Counsel assisting the inquiry, Rachel Ellyard, said despite youth justice reforms over decades the centre has remained a place of punitive, dangerous and damaging practices.
The state government in September announced the centre would close by 2024. It has said all current detainees are safe.
“The accounts of abuse the commission has received from detainees who were in Ashley in 2000 are … similar to accounts from detainees who were there a year ago,” Ms Ellyard said.
Family members of detainees will give evidence on Friday, as well as the director of custodial youth justice at the department of communities.
Ms Ellyard said concerns and gaps had been identified in multiple reports to governments who have responded “poorly” to abuse allegations.
“It appears from the materials we’ve received that, at a government level, there’s been no action taken through information received through redress schemes,” she said.

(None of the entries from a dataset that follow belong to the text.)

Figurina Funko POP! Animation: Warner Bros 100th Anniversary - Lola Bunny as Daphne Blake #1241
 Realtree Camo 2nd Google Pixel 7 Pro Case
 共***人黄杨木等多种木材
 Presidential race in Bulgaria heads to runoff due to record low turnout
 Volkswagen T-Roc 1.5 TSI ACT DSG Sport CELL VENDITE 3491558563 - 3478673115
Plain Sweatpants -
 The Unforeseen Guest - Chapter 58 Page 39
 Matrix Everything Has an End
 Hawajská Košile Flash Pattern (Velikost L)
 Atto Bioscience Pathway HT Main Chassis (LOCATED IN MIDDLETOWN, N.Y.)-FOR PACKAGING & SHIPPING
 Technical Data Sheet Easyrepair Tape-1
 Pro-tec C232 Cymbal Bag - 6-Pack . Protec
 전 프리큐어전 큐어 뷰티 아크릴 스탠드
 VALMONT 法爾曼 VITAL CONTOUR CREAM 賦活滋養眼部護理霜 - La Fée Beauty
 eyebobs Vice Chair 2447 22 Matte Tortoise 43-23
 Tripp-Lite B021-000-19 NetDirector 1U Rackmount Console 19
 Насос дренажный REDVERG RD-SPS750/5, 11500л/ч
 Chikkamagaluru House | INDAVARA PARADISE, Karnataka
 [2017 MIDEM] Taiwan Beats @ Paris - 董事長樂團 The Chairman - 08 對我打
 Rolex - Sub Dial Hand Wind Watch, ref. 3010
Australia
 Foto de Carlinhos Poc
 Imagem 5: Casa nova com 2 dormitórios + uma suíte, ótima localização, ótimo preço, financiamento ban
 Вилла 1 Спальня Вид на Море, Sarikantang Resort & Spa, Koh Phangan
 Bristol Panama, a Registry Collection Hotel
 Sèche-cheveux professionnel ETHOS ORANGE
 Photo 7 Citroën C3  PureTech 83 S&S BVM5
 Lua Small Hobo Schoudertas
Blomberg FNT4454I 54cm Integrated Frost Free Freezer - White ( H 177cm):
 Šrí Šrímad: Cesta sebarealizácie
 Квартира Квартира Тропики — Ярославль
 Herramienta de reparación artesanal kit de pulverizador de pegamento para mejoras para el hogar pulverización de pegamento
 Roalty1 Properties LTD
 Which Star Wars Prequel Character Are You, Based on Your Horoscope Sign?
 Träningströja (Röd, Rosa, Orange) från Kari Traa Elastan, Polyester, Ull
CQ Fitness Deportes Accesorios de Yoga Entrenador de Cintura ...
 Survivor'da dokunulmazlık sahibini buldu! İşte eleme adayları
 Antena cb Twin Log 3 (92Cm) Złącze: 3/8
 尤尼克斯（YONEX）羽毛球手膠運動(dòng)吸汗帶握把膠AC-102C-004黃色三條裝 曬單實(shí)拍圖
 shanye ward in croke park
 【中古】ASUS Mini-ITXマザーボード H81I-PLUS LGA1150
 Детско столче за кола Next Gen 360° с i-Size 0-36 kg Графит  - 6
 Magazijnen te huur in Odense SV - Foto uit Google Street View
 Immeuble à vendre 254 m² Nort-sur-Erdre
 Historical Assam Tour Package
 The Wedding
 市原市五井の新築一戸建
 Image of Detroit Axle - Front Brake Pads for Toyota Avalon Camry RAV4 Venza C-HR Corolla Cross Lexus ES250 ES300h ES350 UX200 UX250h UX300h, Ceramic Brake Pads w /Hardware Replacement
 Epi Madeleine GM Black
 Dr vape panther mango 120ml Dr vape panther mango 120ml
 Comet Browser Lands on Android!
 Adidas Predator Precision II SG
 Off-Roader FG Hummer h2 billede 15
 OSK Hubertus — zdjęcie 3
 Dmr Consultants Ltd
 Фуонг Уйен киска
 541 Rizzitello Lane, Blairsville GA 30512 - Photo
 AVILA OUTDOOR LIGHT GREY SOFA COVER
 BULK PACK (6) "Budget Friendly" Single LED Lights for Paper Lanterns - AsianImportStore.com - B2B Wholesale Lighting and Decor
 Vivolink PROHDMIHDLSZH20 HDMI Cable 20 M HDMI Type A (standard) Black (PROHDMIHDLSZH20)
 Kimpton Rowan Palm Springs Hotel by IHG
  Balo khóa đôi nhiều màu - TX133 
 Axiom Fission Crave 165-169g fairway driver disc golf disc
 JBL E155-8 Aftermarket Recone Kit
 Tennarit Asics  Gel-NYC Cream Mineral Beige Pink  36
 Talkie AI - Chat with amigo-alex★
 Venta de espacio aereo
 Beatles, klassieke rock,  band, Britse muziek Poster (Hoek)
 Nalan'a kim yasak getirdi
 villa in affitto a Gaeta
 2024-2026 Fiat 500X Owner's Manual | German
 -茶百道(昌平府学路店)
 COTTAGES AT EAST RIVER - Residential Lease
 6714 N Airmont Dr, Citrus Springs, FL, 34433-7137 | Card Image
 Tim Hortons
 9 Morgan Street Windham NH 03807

“(This) meant that staff were permitted to remain at Ashley working with children despite allegations of serious physical and sexual abuse being made against them; in some cases by multiple complainants.”
Two current youth workers at the centre told the inquiry of a dangerous work environment, a lack of proper training and lack of support from their superiors.
“Staff are assaulted on site regularly. (We had a) brand new worker a couple of days ago punched in the face,” youth worker Sarah Spencer said.
“We’ve got inexperienced staff who are not trained properly. (They’re) only going to make more mistakes, and then it’s going to be their fault again. It shouldn’t be.”
Ms Ellyard said none of the evidence over seven days of hearings into the centre should come as a surprise to the government.
“The themes which emerge again and again through reports include a culture of brutality towards and the dehumanising of children.”